In May 2018, the Supreme Court of Virginia ruled in The Game Place, L.L.C. v. Fredericksburg 35, LLC, 813 S.E.2d 312 (Va. 2018) that a 15-year lease was unenforceable because it did not satisfy the technical requirement of Virginia’s Statute of Conveyances, which requires a lease of more than five years to be in the form of a deed. As a result, the lease was only enforceable as a month-to-month tenancy and the tenant was permitted to walk away from its long-term commitment.
In 2002, The Game Place assumed an existing 15-year lease that was originally executed in 2000. In 2014, The Game Place vacated the premises, stopped paying rent, and notified the landlord that it was terminating its “month-month periodic tenancy.” The landlord sued for breach of the lease and for unpaid rent. The Game Place relied on the Statute of Conveyances, Va.
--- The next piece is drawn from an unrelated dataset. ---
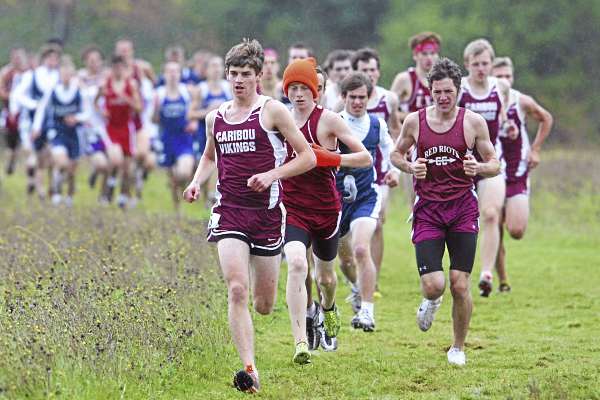 Caribou's Christian Sleeper leads the way early in the Penobscot Valley Conference cross country championship meet in Bangor Saturday. Ellsworth's Dan Curts (in hat) went on to win the race but Sleeper's Vikings won the team title. (BDN Photo by Jason Smith) Caribou's Christian Sleeper leads the way early in the Penobscot Valley Conference cross country championship meet in Bangor Saturday. Ellsworth's Dan Curts (in hat) went on to win the race but Sleeper's Vikings won the team title. (BDN Photo by Jason Smith)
Code § 55-2, which states that “[n]o estate of inheritance or freehold or for a term of more than five years in lands shall be conveyed unless by deed or will.” Since the lease was for a term of 15 years, it was subject to the Statute of Conveyances and needed to meet the standards of a deed. Virginia common law requires a deed to have a seal affixed in order for it to be valid. Virginia Code § 11-3 expands what may constitute a valid seal to include (1) a scroll, (2) an imprint or stamp of a corporate or an official seal, (3) the use in the body of the document of “this deed” or “this indenture” or other words importing a sealed instrument or recognizing a seal, or (4) a proper acknowledgement of a document clearly demonstrating an intent to convey real estate “before an officer authorized to take acknowledgements of deeds.”
The Game Place lease did not include a seal which would have satisfied the common law requirement so the lower court looked to the § 11-3 substitutes. Lacking a perfect match, the lower court employed the common legal axiom of “substance over form” and deemed the conveyance valid because “the seventeen-page Agreement of Lease exemplifies a sealed instrument as alluded to in Va. Code § 11-3 even though it is not referred to as ‘this deed’ or ‘this indenture’” (emphasis added). The Supreme Court of Virginia summarily rejected this view and instead reinforced the bright line requirements of Va. Code § 11-3 and § 55-2 and found the lease to be invalid because it lacked a seal or § 11-3 substitute.
Invalidity due to the Statute of Conveyances does not nullify the entirety of a lease. In Game Place, only the offending portion of the lease, i.e., the 15-year term, was deemed invalid and struck from the lease. When the term of a lease is struck, the tenancy that is created as a result is implied from the manner in which rent is received. Thus, the court found The Game Place was in a month-to-month tenancy because they paid rent monthly, and because The Game Place had paid rent through the last month of occupancy, they were able to terminate the month-to-month tenancy with no further rent obligations.
Game Place lays out the rules a long-term lease must follow to be valid in Virginia. As set forth above, if the term is longer than five years, the lease must be accompanied by a seal or § 11-3 substitute, failing which the tenancy created is implied from the rent payment schedule. As a result, landlords, tenants, and lenders in Virginia should review their leases that are longer than five years and confirm that they have a valid seal or a permitted substitute, such as language referring to the document as “this deed” or “this indenture” as allowed by § 11-3. If not, the parties should consider entering into an amendment to satisfy these requirements and avoid having a landlord or tenant terminate the lease early.
UPDATE: New Rules of the Game (Place)
In July 2018, we discussed a Virginia Supreme Court decision, Game Place, L.L.C. v. Fredericksburg 35, LLC, 813 S.E.2d 312 (Va. 2018), that ruled a 15-year lease was unenforceable because it did not satisfy the technical requirement of Virginia’s Statute of Conveyances, which requires a lease of more than five years to be in the form of a deed. This decision ultimately resulted in the tenant being permitted to walk away from its long-term commitment because the lease was only enforceable as a month-to-month tenancy. In response to this decision, we wrote: “As a result [of this case], landlords, tenants, and lenders in Virginia should review their leases that are longer than five years and confirm that they have a valid seal or permitted substitute, such as language referring to the document as ‘this deed’ or ‘this indenture’ as allowed by [Virginia law]. If not, the parties should consider entering into an amendment to satisfy these requirements and avoid having a landlord or tenant terminate the lease early.” Due to a recent law enacted by the Virginia General Assembly in response to Game Place, this advice is no longer necessary.
Virginia House Bill 2287 and the identical Virginia Senate Bill 1422 were signed into law by the governor on February 13, 2019, and took effect immediately thanks to an emergency clause in the bills. The bills specify that a lease conveying a non-freehold estate in land is not rendered unenforceable by the fact that the conveyance was not in the form of a deed. Further, any lease previously executed and still in effect will not be rendered invalid because it was not in the form of a deed. The bills also replace all references to “deed of lease” in the Virginia Code with the term “lease.”